Photo above: Courtesy of the John Carter Brown Library
Fernando Guevara writes:
Insiders high up in Google have provided insight into Google’s plans to dominate about 10 per cent of the world’s economy by a specific date (I do not have access to the date). The sources indicated that this domination would be achieved by controlling access to what information the world population will receive and by controlling energy resources in as many countries as possible. The sources did not indicate who all Google’s partners in this venture were. It is, therefore, anybody’s guess who their partners in the communications and power industries are.
Further, one of the Google sources confirmed that oligarch interests, including Google, with the assistance of at least one university in the US, had been involved in looting Haitian cultural heritage by buying up scores of books from people who clearly sold them in desperation and without the consent of the Haitian people. The books were obtained from Haiti’s national library in the wake of the earthquake in 2010. It is possible that some books originated from libraries other than Bibliothèque nationale d’Haïti. Wikipedia states (quote below retrieved on 16 November 2021):
The most important recent development affecting Haiti was the devastating earthquake of January 2010. While the National Library did not suffer major structural damage, an unknown number of items from the collection were lost or damaged.
The Google sources claimed that Google scanned the Haitian library books – as well as all other books they could obtain access to – in an effort to “democratise” information. Google asserted that providing the Haitian and other books to everybody aided democracy because it made the books accessible to anyone in the world regardless of their own location. It appears that Google took the position that scanning all books this way was in the public interest and that it therefore overrode rights connected with copyright as well as any other rights involved. Google, did not, however, wish to be seen as the outward face in this selfless humanitarian pursuit of democracy. While I do not have information on the final landing place of the Haitian books, it is clear that they were brought to the United States.
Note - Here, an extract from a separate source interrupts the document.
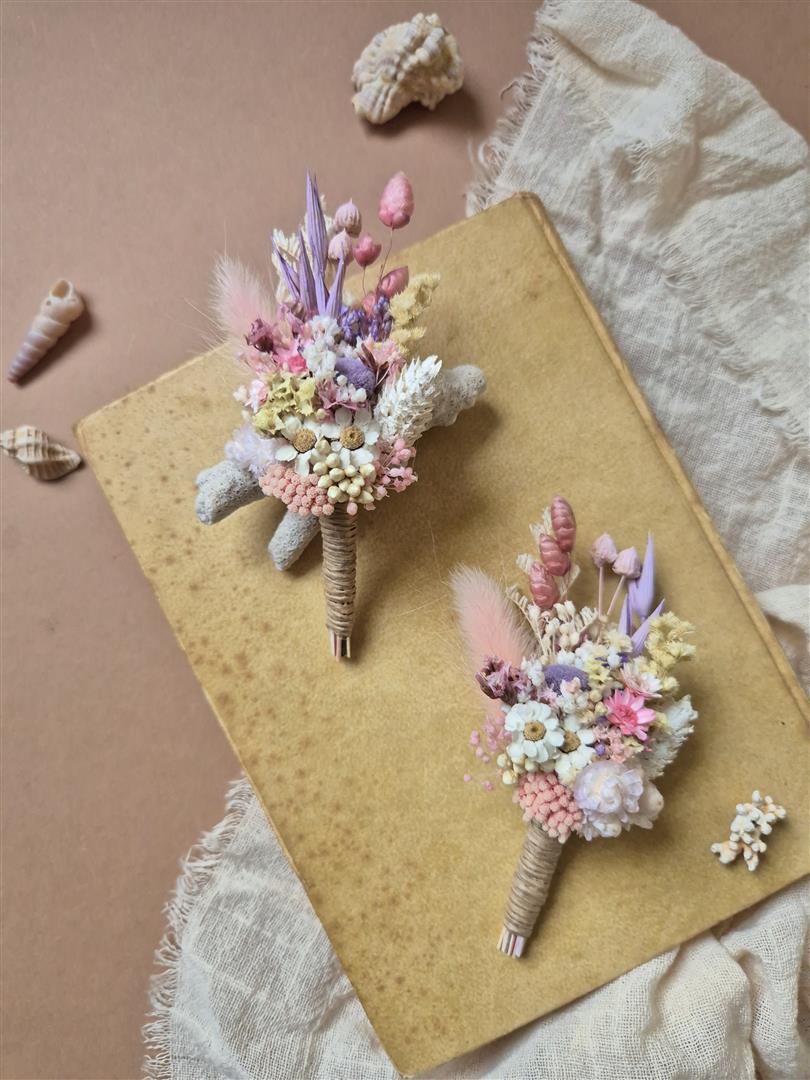 Boutonnière en fleurs séchées sur mesure - Adultes – Image 13
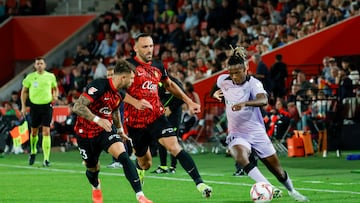 PALMA DE MALLORCA, 28/10/2024.- El delantero del Athletic Nico Williams (d), juega un balón ante Vedat Muriqi (c) y Pablo Maffeo, ambos del Mallorca, durante el partido de Liga en Primera División que RCD Mallorca y Athletic Club disputan este lunes en el estadio de Son Moix. EFE/Cati Cladera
Some Haitian books can be found at the John Carter Brown Library – Haiti Collection, of Brown University in Providence, Rhode Island. The JC Brown Library shows 1,102 results for the Haiti Collection. The JC Brown Library web site states:
The John Carter Brown Library holds one of the world’s great collections relating to Haiti. Our rare books, maps and newspapers tell the story of the founding of the French colony of Saint Domingue (once the most lucrative colony in the Americas), its demise through the Haitian Revolution (the world’s only successful slave revolution) and the founding of Haiti in its place. By providing access to this collection, the JCB hopes to stimulate interest in Haiti’s remarkable history.
The website provides a link to the Remember Haiti websit. The web site states that “[t]his site was created in a deeply collaborative spirit, drawing upon advice from historians, librarians, web designers, digital information specialists and donors. Citizens of Haiti, France, the United Kingdom and the United States all contributed meaningful support.” The JC Brown library also says:
The Library considers its extraordinary collection of books, maps, and prints an inalienable resource that has been protected and curated for nearly two centuries, but it also understands the value these sources have for potential audiences throughout the world. The digital revolution has made sharing the collection easier than ever before, allowing us to adopt an open access policy that will help our materials reach anyone who is interested in using them… We ask that anyone who uses the Library’s material include the following attribution: “Courtesy of the John Carter Brown Library”.
I hope the Haitian people know about the JC Brown collection, so that they can access their history too.